Valentine showed faith in Buchholz by having no pitchers warming as the right-hander crossed the 100-pitch threshold with one out in the seventh inning and Boston ahead, 7-1. Quickly, the situation started to mirror Buchholz's outing against Oakland on April 30, when five of the six runs he was charged with scored in the seventh.

The hook was quicker this time. Buchholz was pulled after loading the bases with a walk. The Sox needed two pitchers, Andrew Miller and Rich Hill, to get out of the inning, and all three inherited runners scored, one of them on a Will Middlebrooks error.

"I never like to make an error, but especially in that situation like that. I just took a bad read on it," Middlebrooks said. "Just made a mistake, learn from it."

Buchholz left to a standing ovation and his fourth win.

"He was breaking left-handers' bats," Valentine said of an Indians' lineup that had seven left-handed hitters and two switch-hitters, or in essence, all lefties. "We hadn't seen that yet. They were hitting it off the end, getting in on him, snapping them in half. ... That indicates to me that the ball had that action that we need it to have for him to be successful."

Vicente Padilla cleaned up a two-on, one-out situation Franklin Morales left him in the eighth. Alfredo Aceves took his sixth save in eight chances.

The Red Sox's offense entered the day with the most doubles hit at home in the Majors, and their first five runs all came on two-baggers. Middlebrooks continued to rake with a two-run double to left in the bottom of the first against Ubaldo Jimenez, who was charged with all seven Sox runs in 4 1/3 innings.

"I should be really disappointed," Jimenez said. "If I would've done a better job, we probably would've won the game."

Dustin Pedroia increased the lead to 4-1 in the second with his own two-run double, and Cody Ross brought in the first of three runs in the fifth inning with a two-bagger.

"Always helps," Pedroia said of the early runs. "Offensively when a team scores four runs on you, you're more passive, it takes the aggressiveness out of your team. So you know we spotted him some runs, and [Buchholz] just went out there and attacked the zone."

The only run Buchholz allowed before the seventh came in the first, an inning that nearly spiraled out of control. With two outs, a hit batsmen loaded the bases. Valentine came out with some haste for a chat and Buchholz escaped the jam.

What did Valentine tell Buchholz?

"That he's a very good pitcher and I didn't want him to let that game get away from him, because of anything other than him being as good as he can possibly be, and probably some words that I won't use," said Valentine.

"He basically came out there and said, 'You know what? You need to get your stuff right and go after these guys and get these guys out so we can get in the dugout and win a ballgame,'" Buchholz said.

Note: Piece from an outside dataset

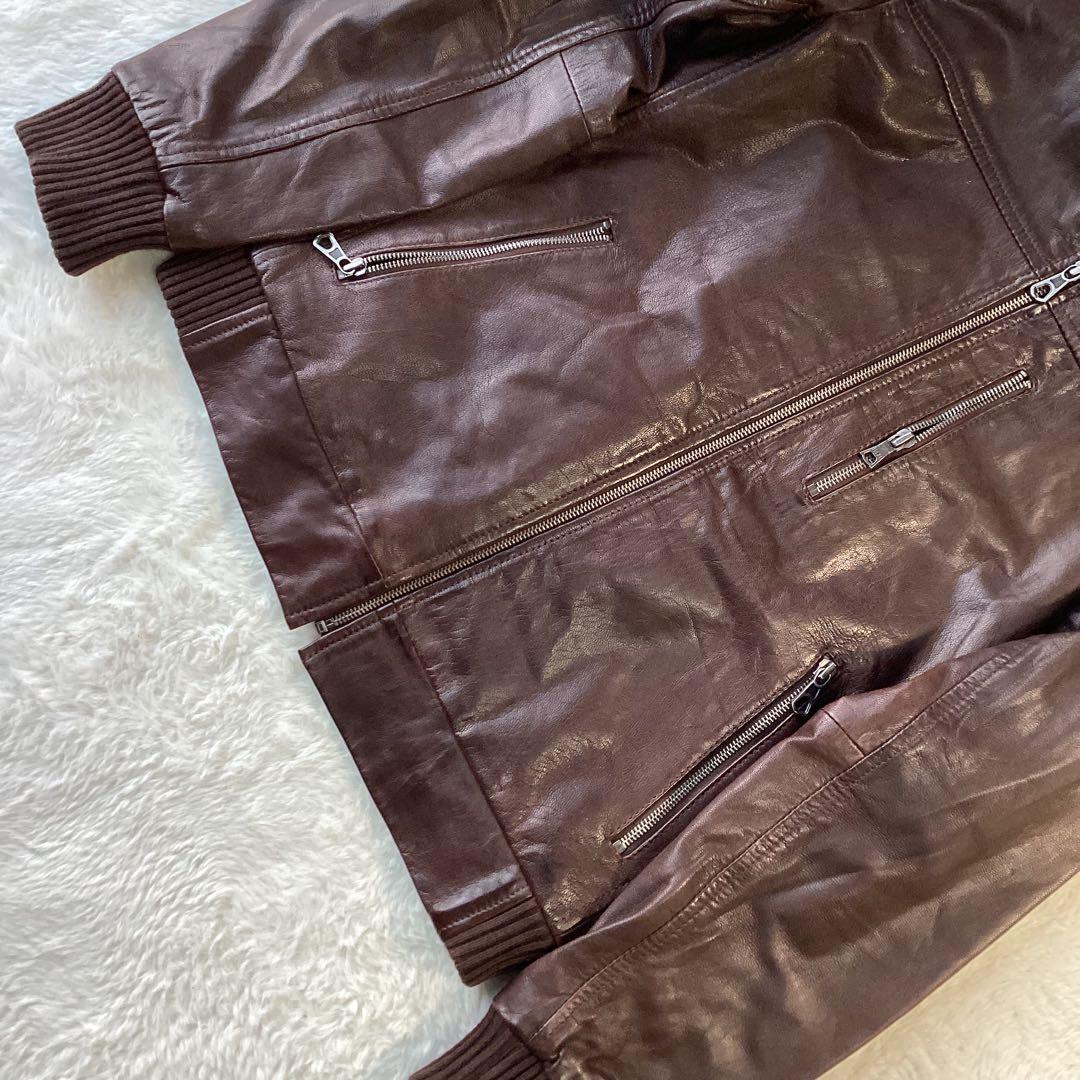 ギャップ　レザージャケット　ブラウン　ヤギ　山羊　ゴートレザー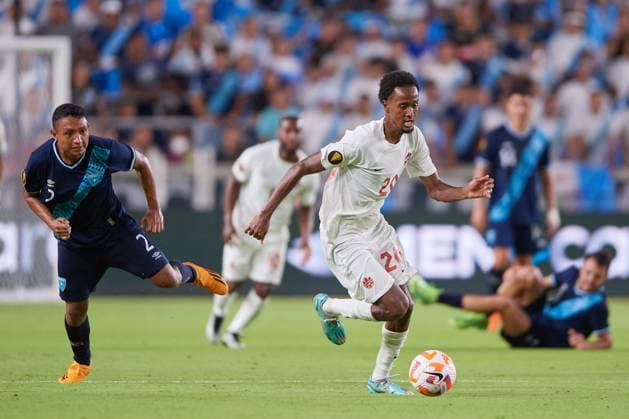 RECORD DATE NOT STATED 2023 CONCACAF Gold Cup Guatemala vs Canada (L-R) Jose Ardon of Guatemala and Ali Ahmed of Canada during the game Guatemala vs Canada, corresponding to group D of the CONCACAF Gold Cup 2023, at Shell Energy Stadium, on July 01, 2023. <br><br> (I-D) Jose Ardon de Guatemala y Ali Ahmed de Canada durante el partido Guatemala vs Canada, correspondiente al grupo D de la Copa Oro de la CONCACAF 2023, en el Shell Energy Stadium, el 01 de Julio de 2023. HOUSTON TEXAS ESTADOS UNIDOS  Copyright: xCristianxdexMarchenax 20230701222945_CGC_23_GD_GUA_CAN_ARDON73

Daniel Nava played a strong left field, from a running catch near the line to playing a ball off the wall perfectly, and in the second, throwing out a runner at the plate to end the inning. The play at home got Indians third-base coach Steve Smith ejected.

"I didn't think it was a very good throw," Nava said. "I thought it was accurate, but I just didn't feel like I had a lot behind it. [Jarrod Saltalamacchia] did a great job blocking the plate."